Jules exagère toujours :
— Il faut absolument tout faire pour que chaque cible atteinte soit un moment de plaisir. Et non pas un pur calvaire. Tu comprends ?
— Oui, je comprends bien, mais en même temps, je ne vois pas pourquoi ce serait un calvaire d’avoir le manche qui vibre !
— Ah ben crois-moi que lorsque tu en auras satellisé une dizaine, tu comprendras ! Les vibrations dans le manche, il faut absolument les éviter !
— Avoue quand même que s’il n’y a pas de vibrations, c’est que ça ne sert à rien de continuer ! je lui fais.
— Tu rigoles ou quoi ? Un manche vibre toujours un peu, c’est évident, mais il faut que cela reste imperceptible !
Je lève les yeux au ciel. Il me prend vraiment pour un lapin de trois semaines, le Jules :
— Ben oui ! Quand même !
— C’est pour ça qu’il est essentiel d’avoir un maillage bien tendu. Bien régulier et bien tendu, ajoute-t-il en se saisissant d’une raquette dans le rayon. Si ton maillage n’est pas régulier, tu t’exposes à des faux bonds, ou des trucs qui te sabotent une partie en mois de temps qu’il n’en faut pour le dire.
Jules est un vrai chasseur :
— Rien ne doit passer au travers ! ajoute-t-il en jouant avec sa raquette.
Je ne suis pas certain qu’il puisse m’être d’une grande aide.
— C’est compliqué… je soupire.
— Mais non ! Tout ça, c’est de la théorie, t’inquiète pas ! Pour faire simple, il te suffit d’en trouver une qui te plaise, une que tu aies bien en main. Il faut que tu puisses la serrer facilement tout en restant cool, décontracte. Evidemment le poids est essentiel. Si elle est trop lourde pour toi et que tu fatigues dès que tu veux t’éclater avec, ça ne vas pas, laisse tomber, c’est qu’elle n’est pas faite pour toi… Mais si tu en trouves une légère, souple et bien tendue à la fois, qui ne te colle pas trop aux mains quand tu transpires, franchement, tu peux y aller les yeux fermés et l’acheter sans réfléchir !

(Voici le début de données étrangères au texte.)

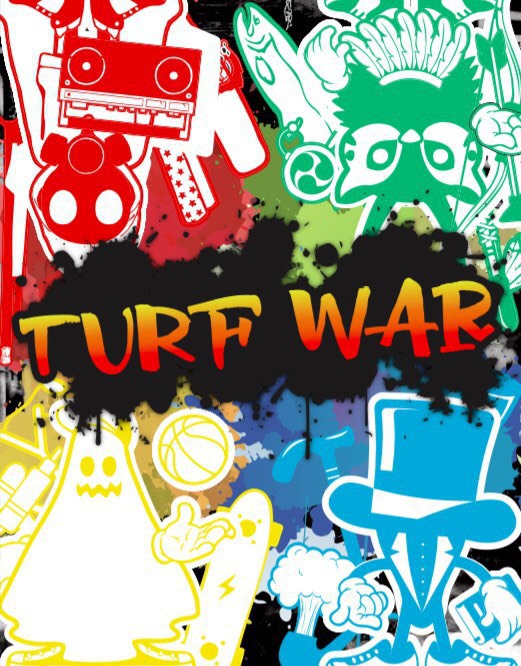 TURF WAR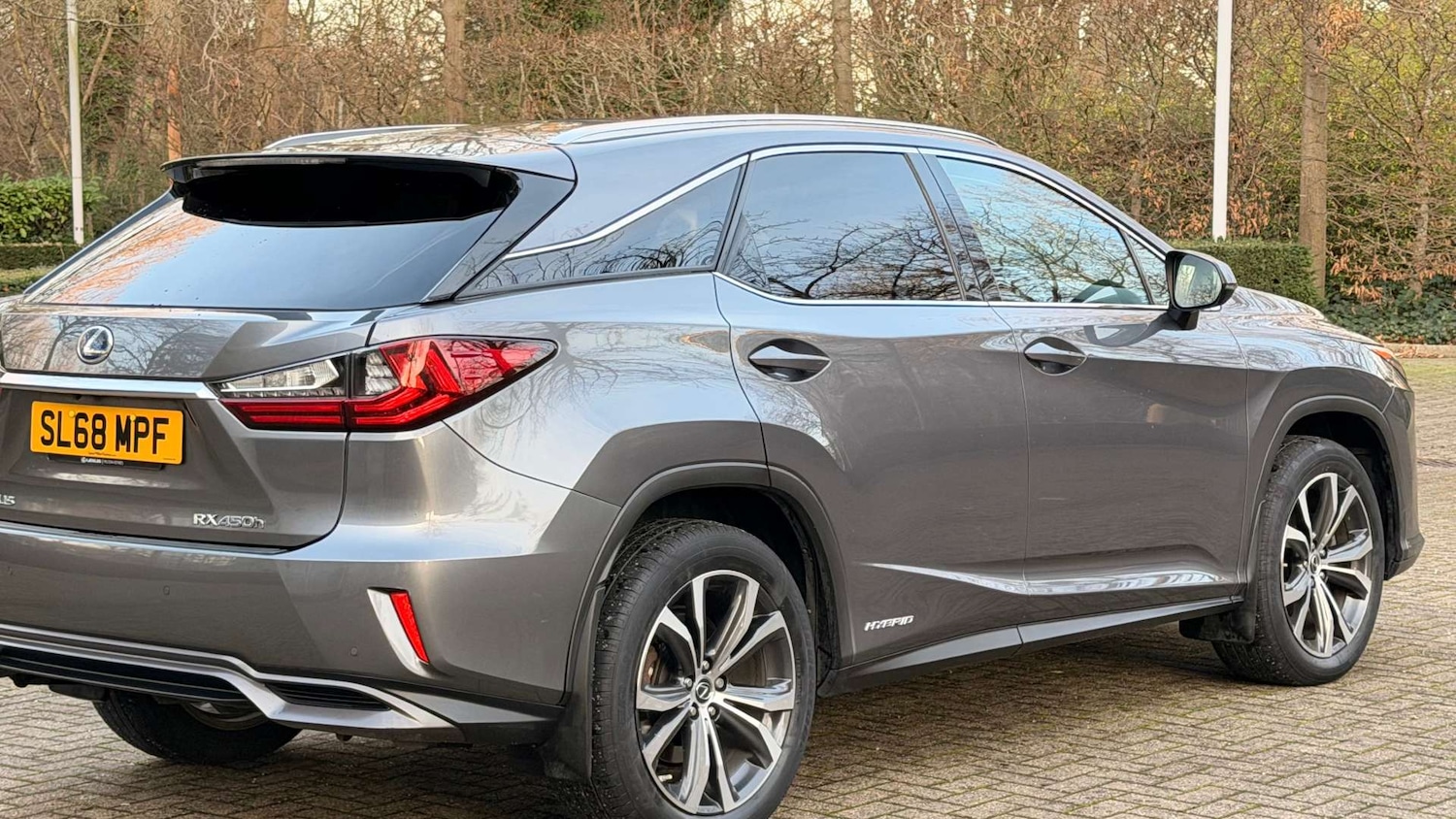 Used Lexus RX 2018 for sale - 77084202: Photo 14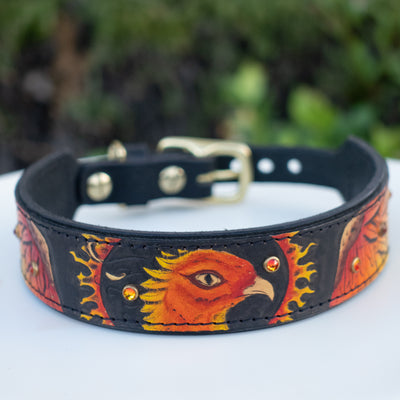Fire Phoenix ~ 16-18" medium ~ Limited Edition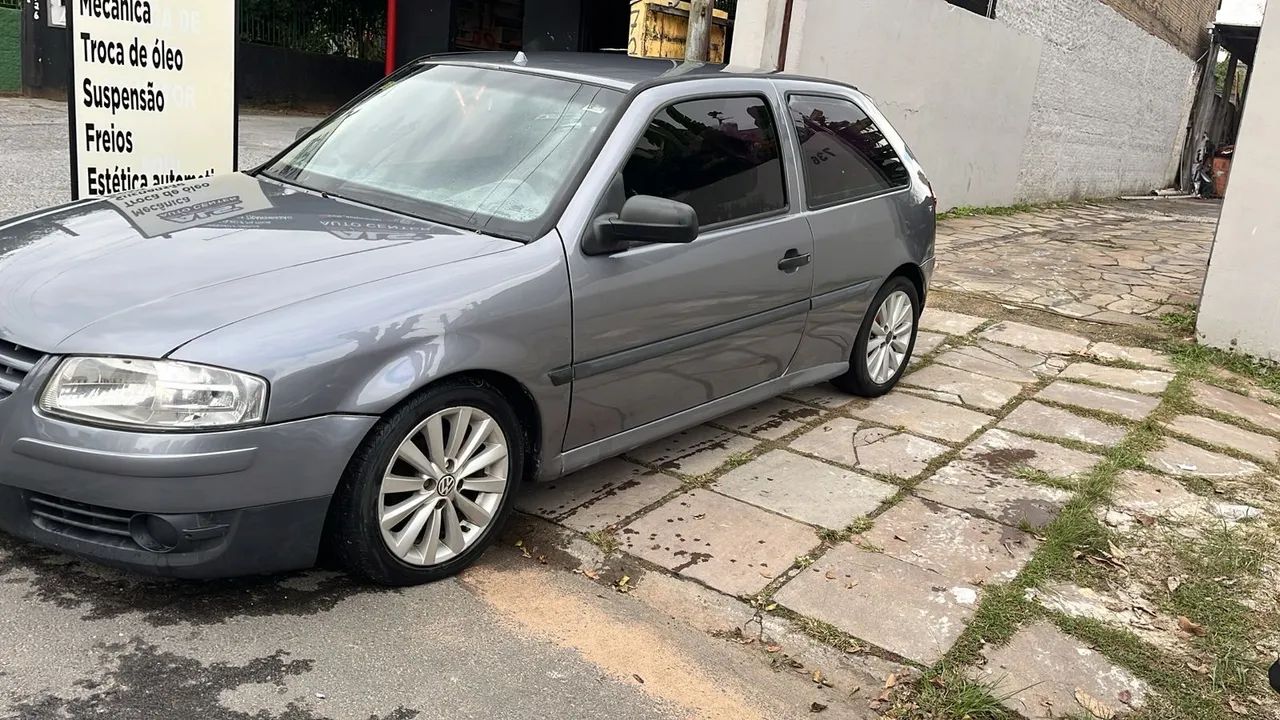 Volkswagen Gol 2008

Qu’est-ce qu’il dit, le Jules ? Il disjoncte ou quoi ?
— L’acheter ? Non mais ça va, ouais ? Et l’amour, dans tout ça ?
— Quoi, l’amour ?
— Tu es à côté de la plaque, mon vieux ! Tu me barratines parce que tu veux me remonter le moral, mais franchement, c’est évident, j’en trouverai jamais une comme Marina, et tu le sais très bien ! Tu ferais bien de me conseiller pour une raquette de tennis, au lieu de me donner des conseils au sujet des nanas !
Il m’a regardé d’un air sidéré, le Jules, et il s’est exclamé :
— Et tu crois que je fais quoi, là, avec une raquette toute rose dans les mains ? Que je vérifie si elle me va bien au teint ?
J’aime pas, le rose. Ça fait fiotte, le rose. Pour commencer, il devrait déjà faire du tri dans les couleurs.